I haven't used Coco, but I'd second Mark's recommendation to stay with
an LL(1) parser if possible. If not, then LL(n) ala ANTLR, but not LALR
ala yacc. The LL parsers are easy to write manually using recursive
descent, which I've done a few times.
[1] I find that thinking in the manner of a shift/reduce parser is
particularly unnatural to me. ... Maybe there is something I can read which
will turn the problem around, so it becomes easy to handle?
Shift just means "delay a decision about what I've just seen". Reduce is
the operation you do when you do decide. If you explore the ambiguity
in your grammar rules, these start to make more sense.
The primary disadvantage of Coco/R is the LL(1) part.
ANTLR does LL(n) for arbitrary n I believe - though you should avoid
n > 3 or humans start to have trouble parsing your language
.
It's a shame that the ANTLR folk at Purdue went Java-only when they
dropped their old C-based implementation. A multi-lingual ANTLR would
be super-cool, especially if it would generate Ruby.
As an
example, Ruby can not, as far as I have tried, be converted into an LL(1)
grammar, though C can.
Not without a tie-in to the lexical analyser to help recognise goto
labels, which require LL(2). Such a tie-in is commonly used however.
A simple example of the ruby grammar
Good example, thanks Mark.
I should point out that the major reason for the success of XML
(contrary to most of the hyped claims about it) is that it allows
people to create languages without having to create parsers.
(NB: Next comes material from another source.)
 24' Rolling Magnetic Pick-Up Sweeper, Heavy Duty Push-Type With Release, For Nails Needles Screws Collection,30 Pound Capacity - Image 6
Or
rather, they use an XML parser which yields a DOM, and can process
the AST at will.
If you can live with the ugliness of XML and the size&speed of Rexml,
you should consider it.
There's no good reason why a language like Ruby shouldn't have
grammar rules as first-class objects (as Regexp's are), yielding
Ruby objects that reflect the AST, allowing attribute-grammar
parsers to be written and integrated directly within a program.
Such a tool, integrated into the Ruby interpreter itself, would
allow extension modules to define *Ruby syntax extensions*, so
that the language itself becomes plastic.
I haven't thought much about what these last two features would
look like in Ruby's case.
Clifford Heath.